We use existing full system simulator. There are several open source full system simulators which support x86 ISA[1][2][3]. QEMU[3] doesn't do cycleaccurate simulation but is fast. Therefore, we use QEMU to develop our system.

There is an example of full system simulator using QEMU called MARSS[4]. MARSS supports dynamically switching between a cycle-accurate simulation mode and a fast emulation mode using QEMU.

We plan to use QEMU as a base full system simulator and modify or enhance its function to create simulation environment for the proposed mesh interconnected computer system.

#### 5 Current Development

Currently, we have been developing a device driver which controls Sub core. As stated in Section 4, we currently focus on only device driver function and don't consider interconnections of system.

We use SimMips[5] because it is simple and has sufficient ability to simulate a Sub core function. SimMips is a MIPS software simulator written in C++. It can load a MIPS ELF binary and executes it.

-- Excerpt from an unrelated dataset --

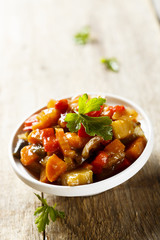 Vegetable ragout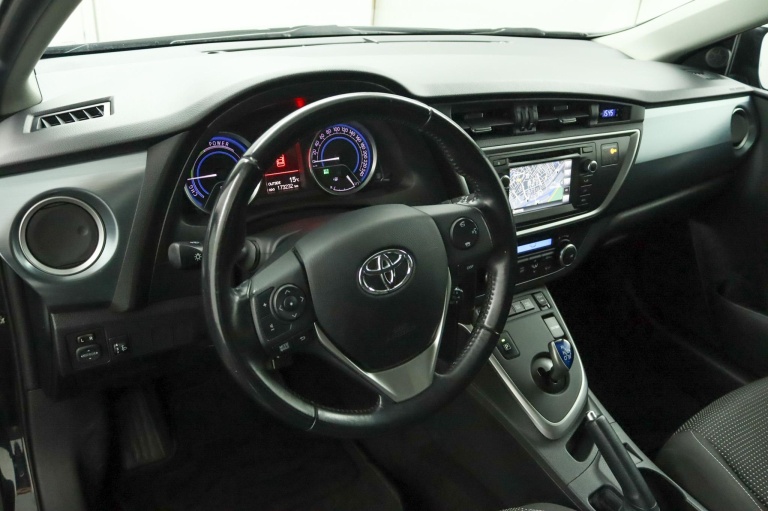 Toyota Auris Touring Sports - 1.8 Hybrid Lease 60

We connected SimMips to QEMU as a virtual PCI device, and write simple device driver for Linux to control it. This time, we use SimMips internal memory and don't use memory outside the device. Because QEMU is written in C, we make a necessary modification to SimMips in order to connect it as a device. We checked that the implemented device driver successfully sends MIPS ELF binary to SimMips device via DMA transfer and the device executes the program correctly.

## 6 Conclusion

We have been developing a new computer system with mesh interconnect. In this paper, we have stated the needed software for that system. We plan to create firmware, device driver for Sub core (accelerator) or memory allocation scheme by using QEMU simulation framework. First we develop programs in function level and then validate it with low layer simulation.

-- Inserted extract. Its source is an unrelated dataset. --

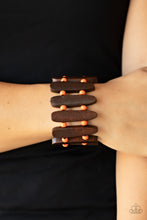 Load image into Gallery viewer, Coronado Cabana - Orange bracelet
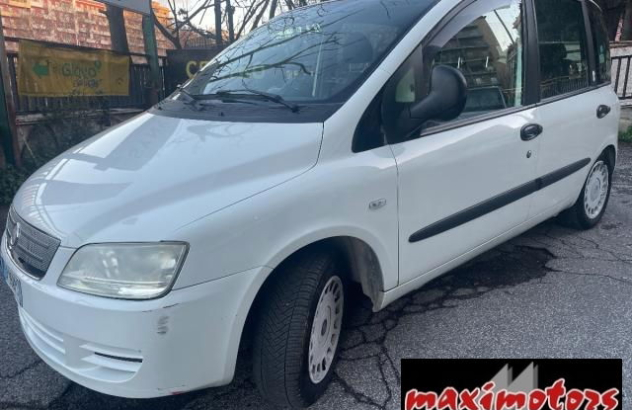 FIAT Multipla 1.9 MJT Dynamic Diesel 2007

To date we have completed a simple device driver for Sub core. Our next step is to enable Sub cores to use external memories in addition to their internal memory.

### References

- Nathan Binkert, Bradford Beckmann, Gabriel Black, Steven K. Reinhardt, Ali Saidi, Arkaprava Basu, Joel Hestness, Derek R. Hower, Tushar Krishna, Somayeh Sardashti, Rathijit Sen, Korey Sewell, Muhammad Shoaib, Nilay Vaish, Mark D. Hill, and David A. Wood. The gem5 simulator. *SIGARCH Comput. Archit. News*, 39(2):1–7, August 2011.
- [2] bochs: The open source ia-32 emulation project (home page). http://bochs.sourceforge.net/.
- [3] Qemu. http://wiki.qemu.org/.
- [4] Avadh Patel, Furat Afram, Shunfei Chen, and Kanad Ghose. MARSSx86: A Full System Simulator for x86 CPUs. In *Design Automation Conference 2011 (DAC'11)*, 2011.
- [5] Naoki Fujieda, Shimpei Watanabe, and Kenji Kise. A mips system simulator simmips for education and research of computer science. *IPSJ Journal*, 50(11):2665–2676, nov 2009.